There is a helicopter that we need to buy. There are missiles we need 
to buy. There are boats and planes we need to buy. Because of that, we 
must cast a vote for a flawed bill rather than ``a protest vote.''
  A protest vote? What is a protest vote? My vote, which I will cast 
whenever we get this monstrosity finally sent over here, whenever the 
Committee on Rules goes through their sham process--and it is a sham 
process, ladies and gentlemen.

[[Page H10045]]

  They will entertain some amendments, and they will give some 
perfunctory, ``Let's review it.'' They will kick it down here to the 
floor.
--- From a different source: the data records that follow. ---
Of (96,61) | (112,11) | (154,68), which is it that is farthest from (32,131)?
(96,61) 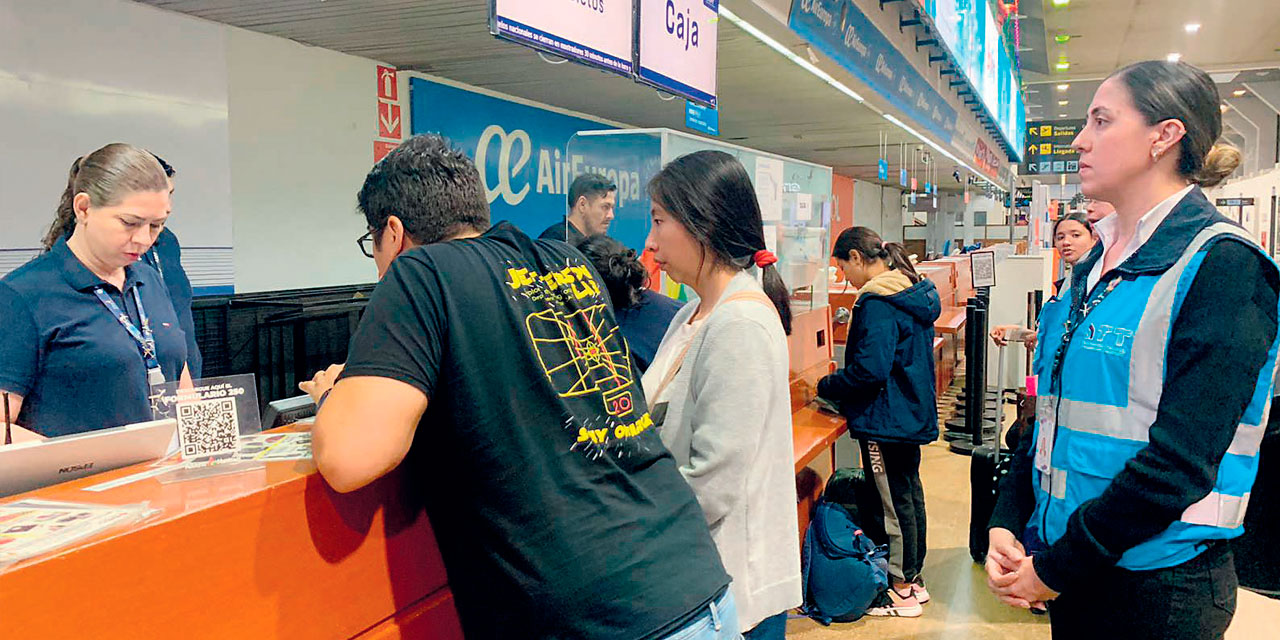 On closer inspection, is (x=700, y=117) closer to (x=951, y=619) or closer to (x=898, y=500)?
(x=898, y=500)

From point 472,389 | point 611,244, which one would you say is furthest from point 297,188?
point 472,389

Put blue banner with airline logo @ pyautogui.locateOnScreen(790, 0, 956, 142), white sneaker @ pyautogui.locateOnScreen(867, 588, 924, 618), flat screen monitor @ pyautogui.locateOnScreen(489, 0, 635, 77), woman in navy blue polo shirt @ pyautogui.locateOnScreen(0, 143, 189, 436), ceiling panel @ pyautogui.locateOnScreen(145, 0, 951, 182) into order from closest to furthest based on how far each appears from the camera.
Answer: woman in navy blue polo shirt @ pyautogui.locateOnScreen(0, 143, 189, 436) → flat screen monitor @ pyautogui.locateOnScreen(489, 0, 635, 77) → white sneaker @ pyautogui.locateOnScreen(867, 588, 924, 618) → ceiling panel @ pyautogui.locateOnScreen(145, 0, 951, 182) → blue banner with airline logo @ pyautogui.locateOnScreen(790, 0, 956, 142)

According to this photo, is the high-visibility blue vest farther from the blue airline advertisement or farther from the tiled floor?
the blue airline advertisement

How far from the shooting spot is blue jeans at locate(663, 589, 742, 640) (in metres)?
1.27

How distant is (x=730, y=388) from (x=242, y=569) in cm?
82

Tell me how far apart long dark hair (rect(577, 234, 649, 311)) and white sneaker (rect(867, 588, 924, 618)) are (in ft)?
5.74

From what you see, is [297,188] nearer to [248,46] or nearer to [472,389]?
[248,46]

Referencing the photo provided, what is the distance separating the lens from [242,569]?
119cm

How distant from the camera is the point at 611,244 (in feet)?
9.84

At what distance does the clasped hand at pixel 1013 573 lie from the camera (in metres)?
1.49

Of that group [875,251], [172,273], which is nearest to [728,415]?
[875,251]

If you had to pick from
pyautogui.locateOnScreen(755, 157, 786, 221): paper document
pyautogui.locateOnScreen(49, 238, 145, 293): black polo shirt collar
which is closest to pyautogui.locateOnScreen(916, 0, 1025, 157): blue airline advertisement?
pyautogui.locateOnScreen(755, 157, 786, 221): paper document

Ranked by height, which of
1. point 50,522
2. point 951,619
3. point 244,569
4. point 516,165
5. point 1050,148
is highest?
point 1050,148

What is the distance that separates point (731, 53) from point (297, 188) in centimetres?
304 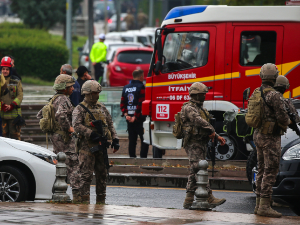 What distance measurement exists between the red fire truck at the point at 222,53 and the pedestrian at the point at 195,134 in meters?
2.96

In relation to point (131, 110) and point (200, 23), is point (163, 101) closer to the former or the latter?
point (131, 110)

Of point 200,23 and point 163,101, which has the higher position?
point 200,23

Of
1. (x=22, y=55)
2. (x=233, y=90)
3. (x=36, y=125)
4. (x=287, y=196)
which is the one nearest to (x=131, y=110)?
(x=233, y=90)

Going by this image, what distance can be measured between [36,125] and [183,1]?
3173 centimetres

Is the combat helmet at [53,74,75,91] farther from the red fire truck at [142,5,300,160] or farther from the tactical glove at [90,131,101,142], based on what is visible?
the red fire truck at [142,5,300,160]

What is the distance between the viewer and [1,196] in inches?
302

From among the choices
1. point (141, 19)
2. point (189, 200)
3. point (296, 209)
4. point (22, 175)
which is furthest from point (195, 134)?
point (141, 19)

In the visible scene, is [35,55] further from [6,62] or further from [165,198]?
[165,198]

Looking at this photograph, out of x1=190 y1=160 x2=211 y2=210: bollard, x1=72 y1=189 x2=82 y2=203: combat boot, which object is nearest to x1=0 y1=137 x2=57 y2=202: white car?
x1=72 y1=189 x2=82 y2=203: combat boot

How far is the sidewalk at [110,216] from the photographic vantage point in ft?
20.1

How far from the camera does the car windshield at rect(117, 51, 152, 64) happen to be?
20719 mm

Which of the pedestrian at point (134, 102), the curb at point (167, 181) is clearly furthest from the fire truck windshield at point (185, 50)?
the curb at point (167, 181)

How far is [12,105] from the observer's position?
11.6 metres

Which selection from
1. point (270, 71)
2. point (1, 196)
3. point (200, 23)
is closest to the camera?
point (270, 71) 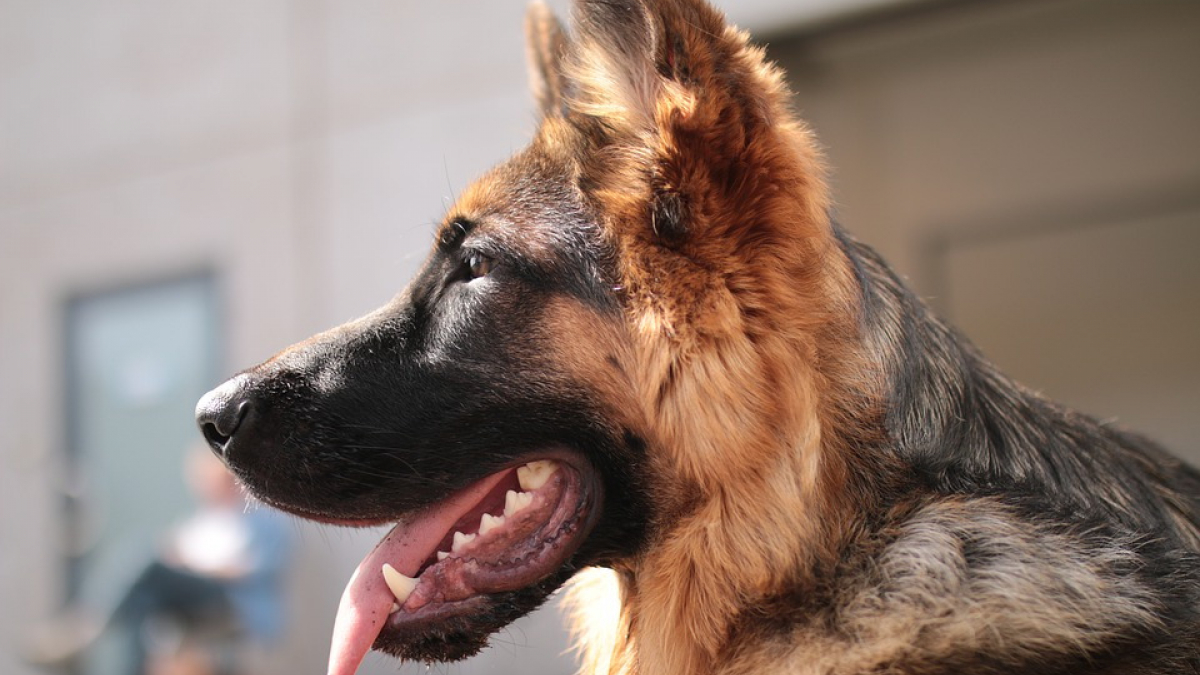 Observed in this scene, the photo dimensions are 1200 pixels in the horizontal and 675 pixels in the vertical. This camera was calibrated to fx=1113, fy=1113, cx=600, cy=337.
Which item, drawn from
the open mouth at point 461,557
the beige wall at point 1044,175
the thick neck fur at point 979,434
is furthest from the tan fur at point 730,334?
the beige wall at point 1044,175

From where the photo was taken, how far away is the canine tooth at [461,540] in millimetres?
2338

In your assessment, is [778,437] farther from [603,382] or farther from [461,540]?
[461,540]

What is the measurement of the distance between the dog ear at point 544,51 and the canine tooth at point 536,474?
1.02 metres

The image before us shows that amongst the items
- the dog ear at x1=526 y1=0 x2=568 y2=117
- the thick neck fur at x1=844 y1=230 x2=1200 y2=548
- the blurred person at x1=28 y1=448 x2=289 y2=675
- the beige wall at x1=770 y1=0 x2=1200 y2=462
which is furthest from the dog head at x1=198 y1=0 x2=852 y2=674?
the blurred person at x1=28 y1=448 x2=289 y2=675

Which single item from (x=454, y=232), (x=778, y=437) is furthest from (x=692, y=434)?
(x=454, y=232)

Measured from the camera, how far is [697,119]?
7.16ft

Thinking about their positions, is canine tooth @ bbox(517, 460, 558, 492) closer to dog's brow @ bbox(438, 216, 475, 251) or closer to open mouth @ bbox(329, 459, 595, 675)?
open mouth @ bbox(329, 459, 595, 675)

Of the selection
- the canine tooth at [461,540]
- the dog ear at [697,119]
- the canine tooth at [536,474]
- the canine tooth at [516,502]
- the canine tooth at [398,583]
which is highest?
the dog ear at [697,119]

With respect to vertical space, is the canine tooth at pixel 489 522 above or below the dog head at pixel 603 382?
below

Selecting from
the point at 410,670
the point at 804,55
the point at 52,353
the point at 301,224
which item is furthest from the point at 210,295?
the point at 804,55

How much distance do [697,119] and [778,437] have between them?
65cm

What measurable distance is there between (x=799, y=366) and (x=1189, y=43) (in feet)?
15.1

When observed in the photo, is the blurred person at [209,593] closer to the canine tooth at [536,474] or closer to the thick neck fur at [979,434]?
the canine tooth at [536,474]

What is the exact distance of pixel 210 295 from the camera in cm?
810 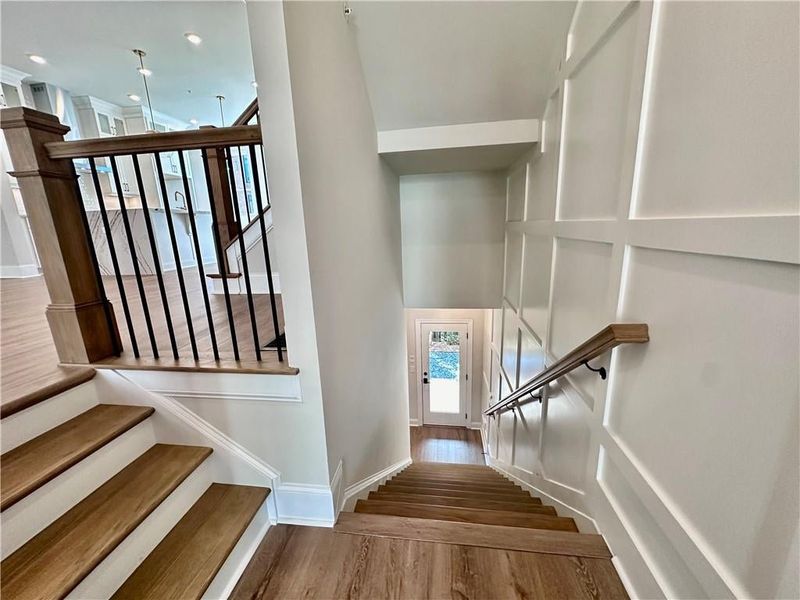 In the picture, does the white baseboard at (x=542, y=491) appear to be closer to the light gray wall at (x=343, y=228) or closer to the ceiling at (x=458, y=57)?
the light gray wall at (x=343, y=228)

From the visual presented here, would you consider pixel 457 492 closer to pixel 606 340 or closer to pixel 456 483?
pixel 456 483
There will be no debate, no amendments offered. It will be 
jammed through because every one of the people in this Chamber, both 
sides of the aisle--maybe not everyone, the vast majority--they want to 
get on their jets and get home for Christmas.
  You should have seen the wailing and gnashing of teeth last night 
when Mike Lee was offering an amendment over in the Senate to try to 
address the expiration of title 42 and what is going to occur if the 
Supreme Court lifts its stay. What is going to happen in Texas, what is 
going to happen to the United States, what is going to happen to 
migrants, the empowerment of cartels, the fentanyl pouring into our 
country, Mike Lee dared to try to do something about that.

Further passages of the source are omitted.